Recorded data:
>>>>

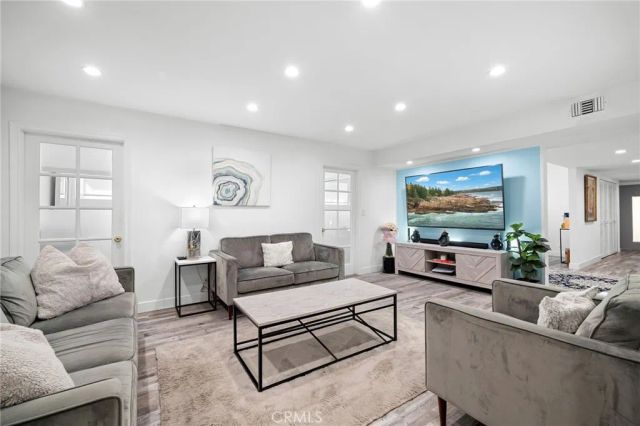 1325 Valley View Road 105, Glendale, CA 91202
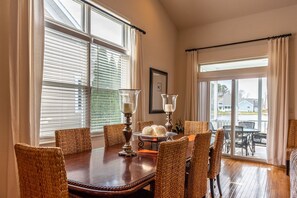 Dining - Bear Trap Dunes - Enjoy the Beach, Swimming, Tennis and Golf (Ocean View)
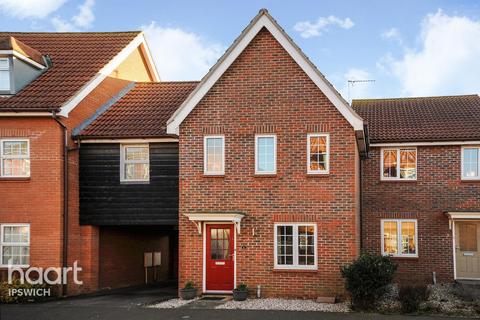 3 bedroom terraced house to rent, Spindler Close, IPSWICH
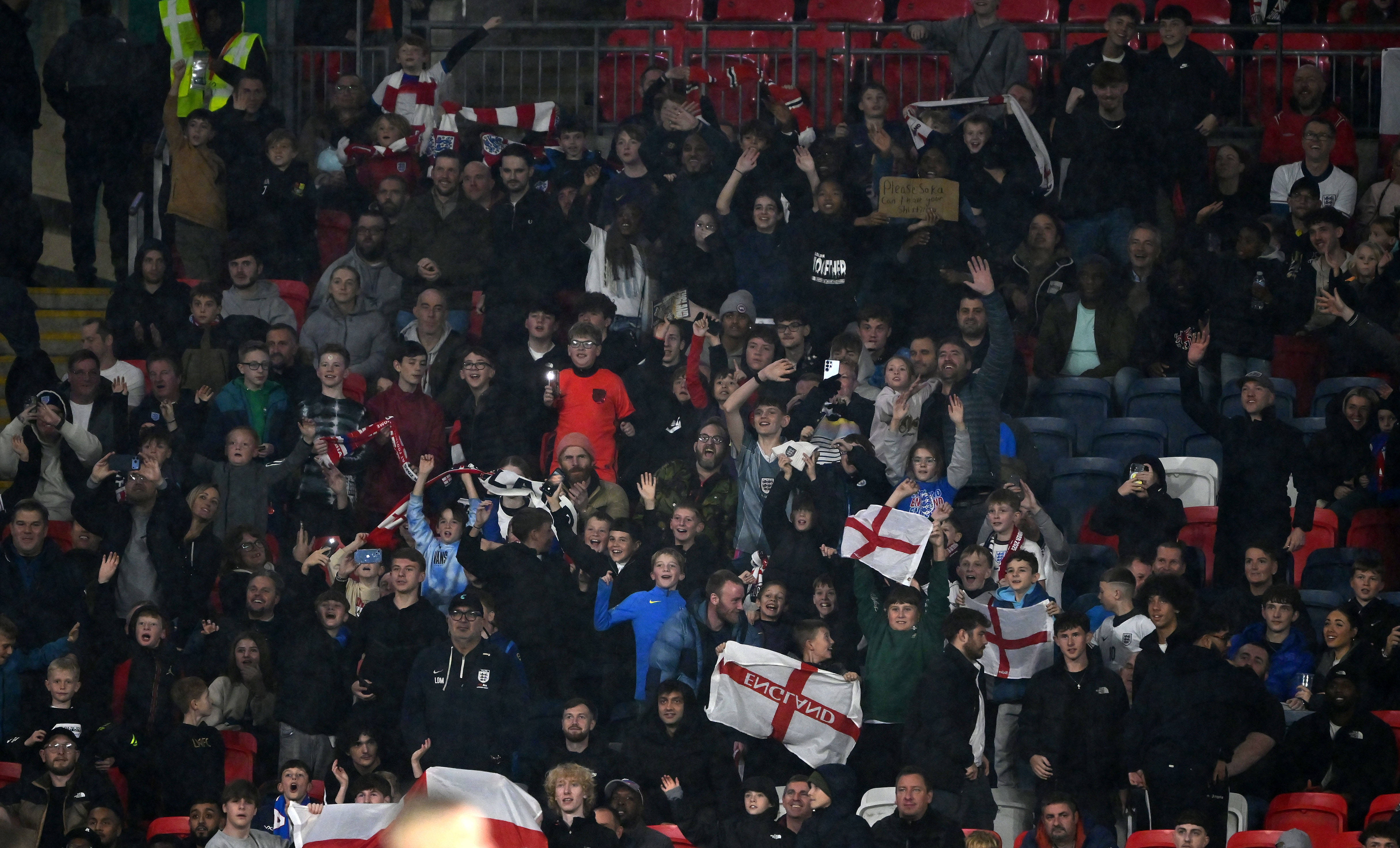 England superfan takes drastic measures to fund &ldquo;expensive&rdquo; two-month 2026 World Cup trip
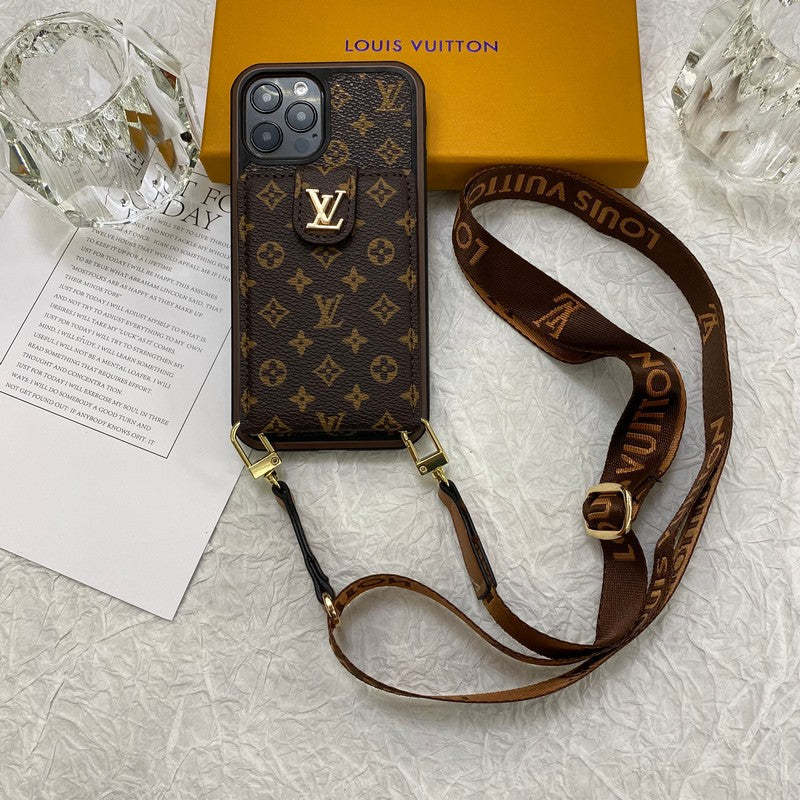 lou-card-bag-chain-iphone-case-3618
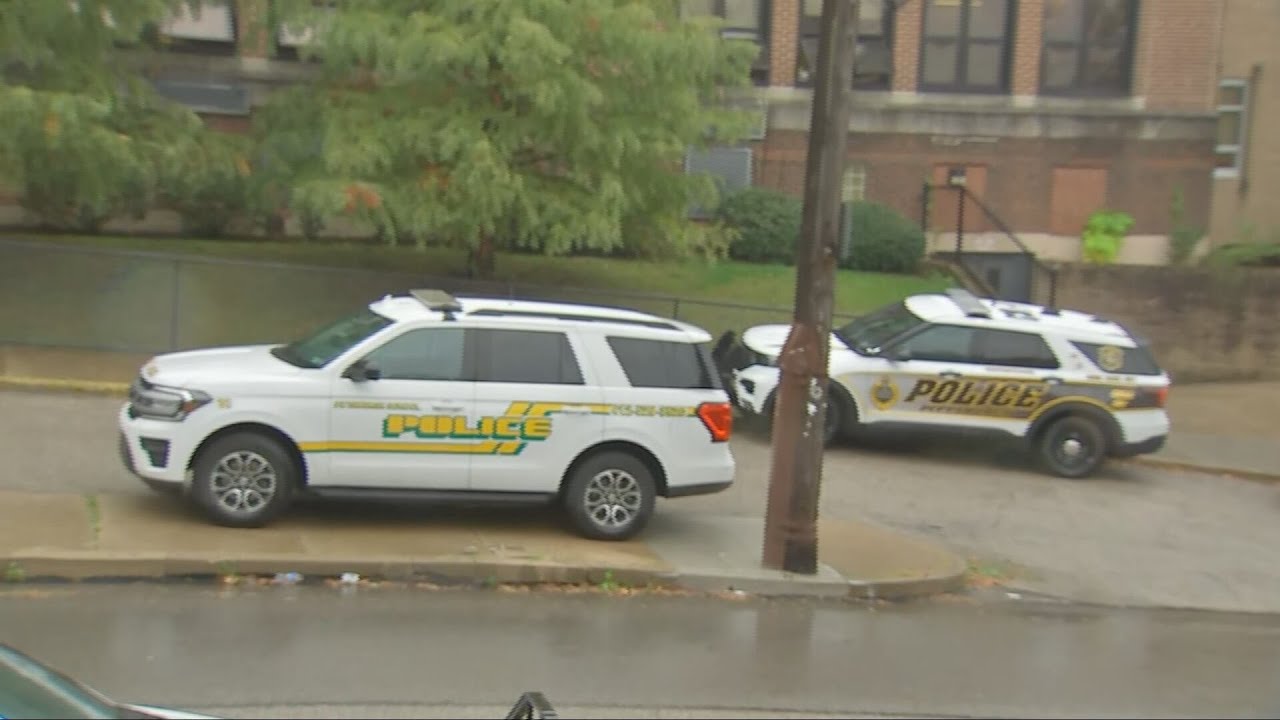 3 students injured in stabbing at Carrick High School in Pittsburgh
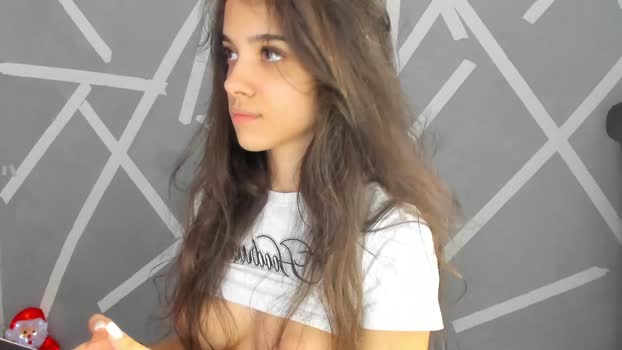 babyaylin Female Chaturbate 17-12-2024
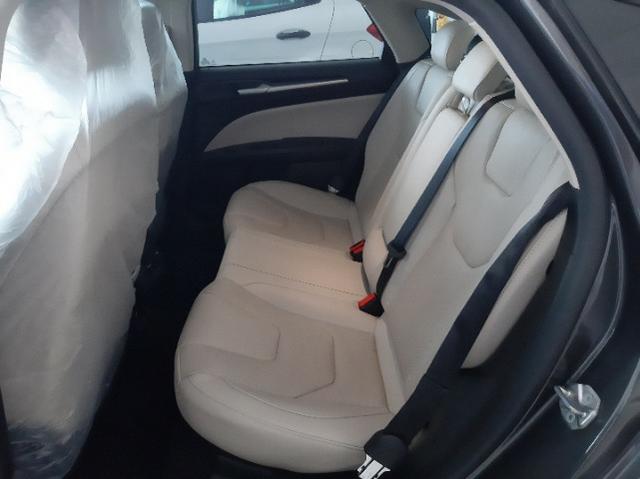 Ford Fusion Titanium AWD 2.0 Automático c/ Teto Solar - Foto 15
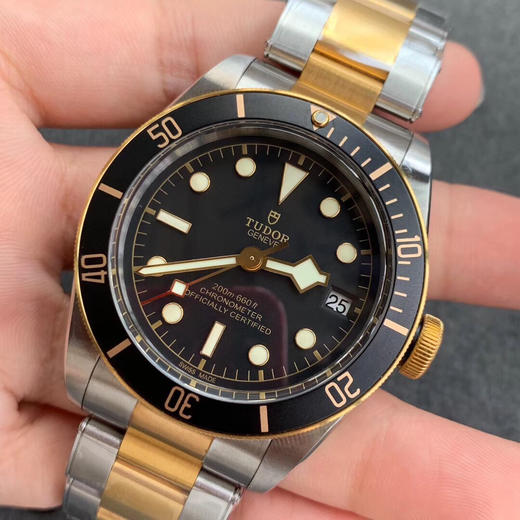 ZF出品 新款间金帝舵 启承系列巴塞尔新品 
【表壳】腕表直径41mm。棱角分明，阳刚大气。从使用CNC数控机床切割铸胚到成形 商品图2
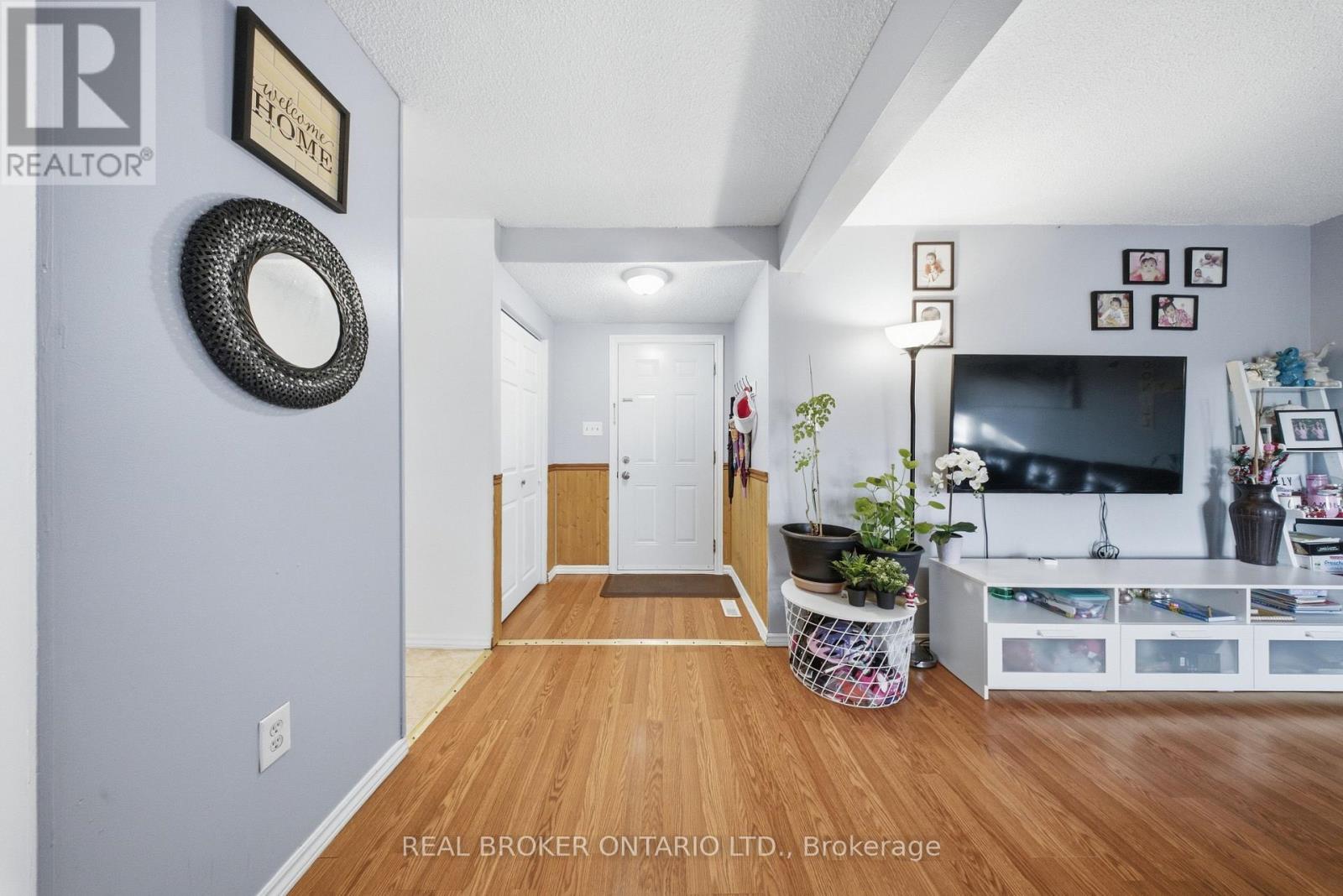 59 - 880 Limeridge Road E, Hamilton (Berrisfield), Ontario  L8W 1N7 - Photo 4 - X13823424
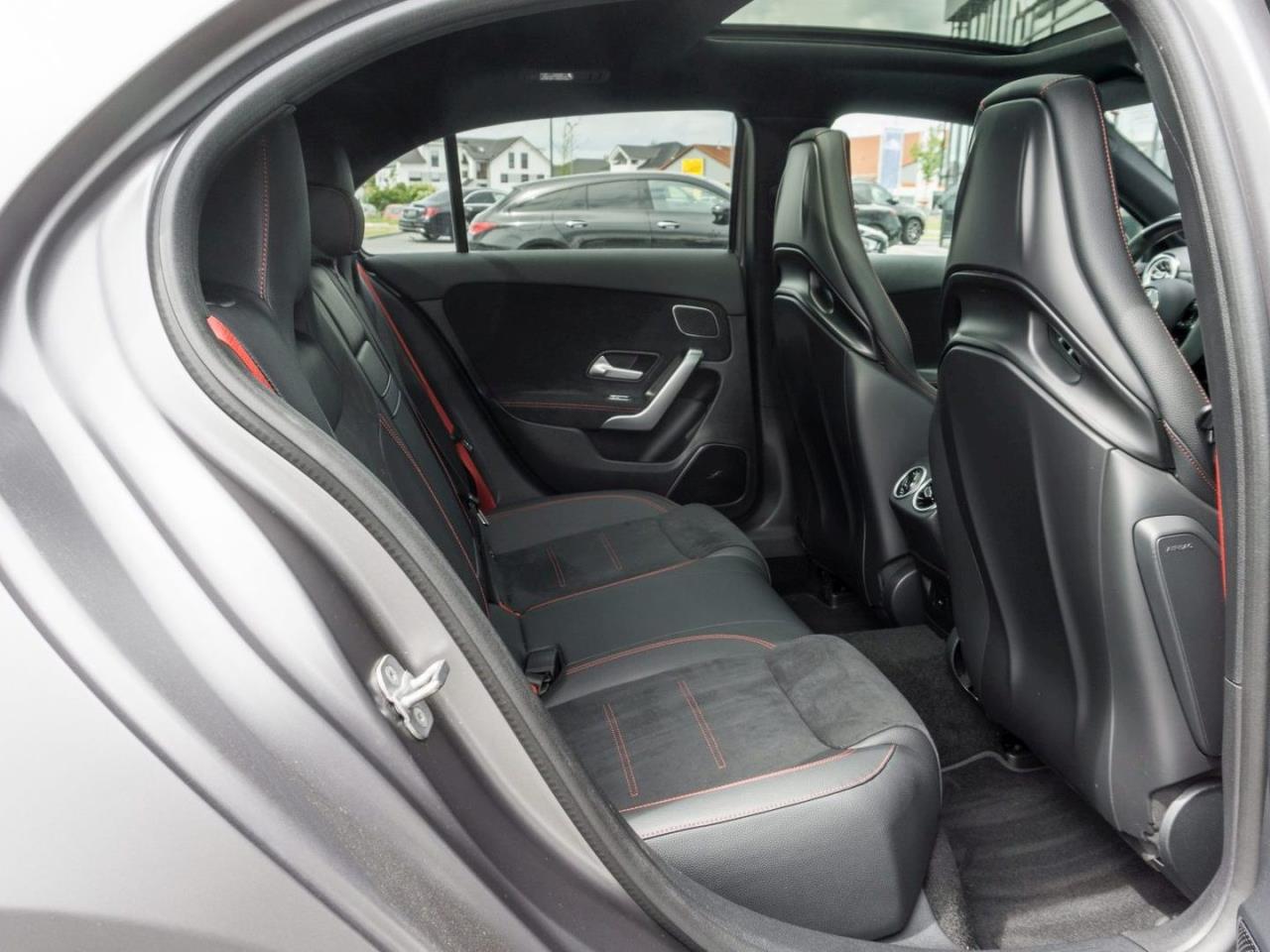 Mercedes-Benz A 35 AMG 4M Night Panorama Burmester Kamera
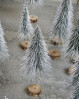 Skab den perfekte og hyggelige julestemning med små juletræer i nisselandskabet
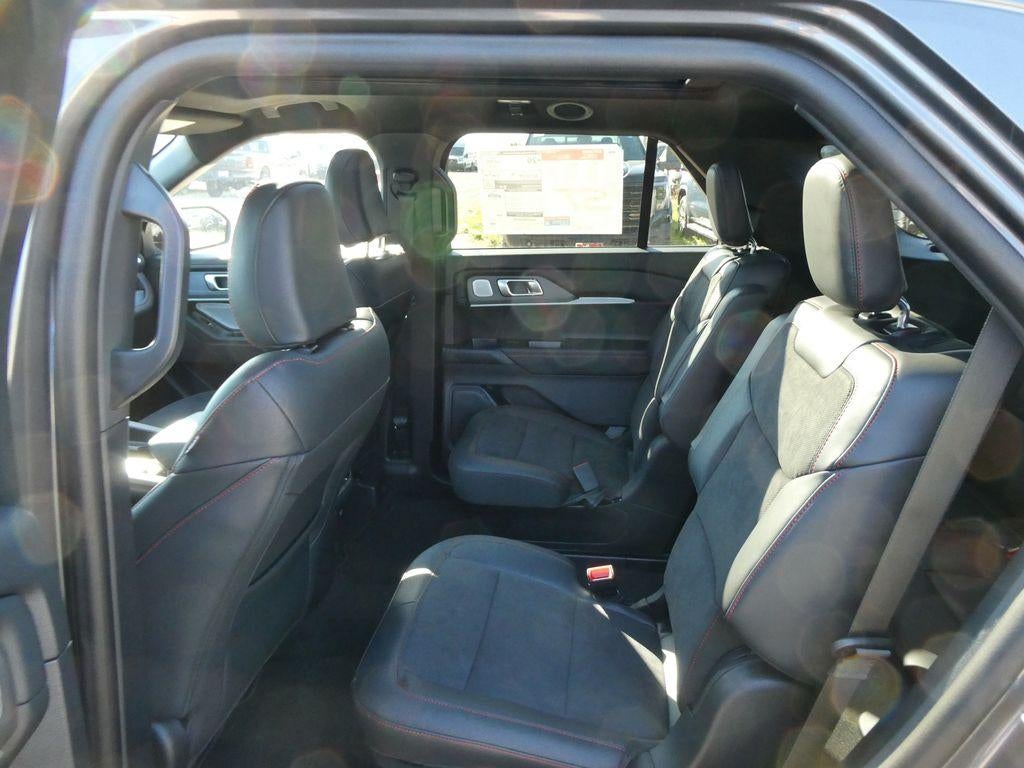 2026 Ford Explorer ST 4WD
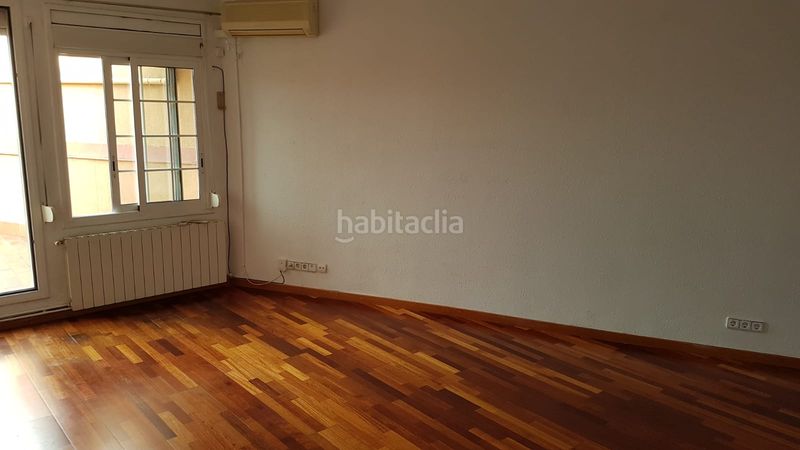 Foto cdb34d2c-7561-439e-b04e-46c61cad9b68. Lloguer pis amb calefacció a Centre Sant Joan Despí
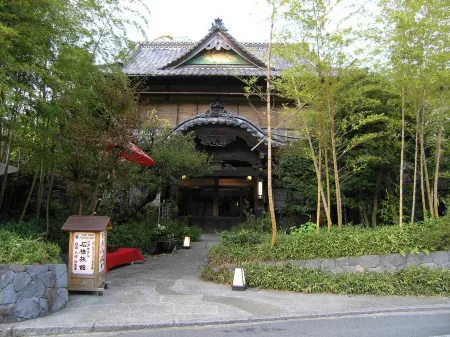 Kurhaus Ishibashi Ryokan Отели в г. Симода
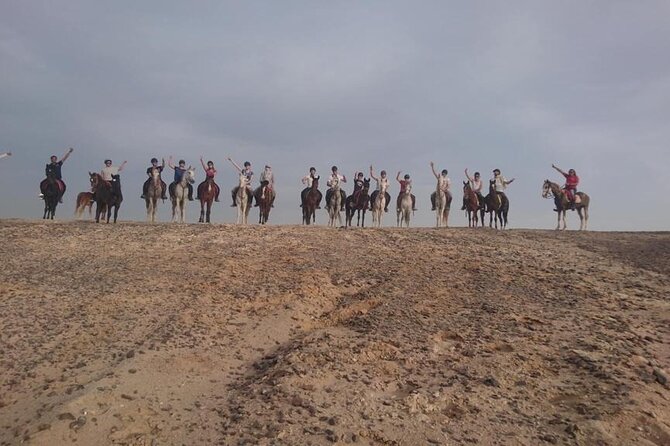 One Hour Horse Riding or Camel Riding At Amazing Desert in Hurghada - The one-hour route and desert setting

<<<<

* _Task requirements_
Print out every record above exactly as given. Do not include the pictures.

* _Response for this exercise_
 1325 Valley View Road 105, Glendale, CA 91202
 Dining - Bear Trap Dunes - Enjoy the Beach, Swimming, Tennis and Golf (Ocean View)
 3 bedroom terraced house to rent, Spindler Close, IPSWICH
 England superfan takes drastic measures to fund &ldquo;expensive&rdquo; two-month 2026 World Cup trip
 lou-card-bag-chain-iphone-case-3618
 3 students injured in stabbing at Carrick High School in Pittsburgh
 babyaylin Female Chaturbate 17-12-2024
 Ford Fusion Titanium AWD 2.0 Automático c/ Teto Solar - Foto 15
 ZF出品 新款间金帝舵 启承系列巴塞尔新品 
【表壳】腕表直径41mm。棱角分明，阳刚大气。从使用CNC数控机床切割铸胚到成形 商品图2
 59 - 880 Limeridge Road E, Hamilton (Berrisfield), Ontario  L8W 1N7 - Photo 4 - X13823424
 Mercedes-Benz A 35 AMG 4M Night Panorama Burmester Kamera
 Skab den perfekte og hyggelige julestemning med små juletræer i nisselandskabet
 2026 Ford Explorer ST 4WD
 Foto cdb34d2c-7561-439e-b04e-46c61cad9b68. Lloguer pis amb calefacció a Centre Sant Joan Despí
 Kurhaus Ishibashi Ryokan Отели в г. Симода
 One Hour Horse Riding or Camel Riding At Amazing Desert in Hurghada - The one-hour route and desert setting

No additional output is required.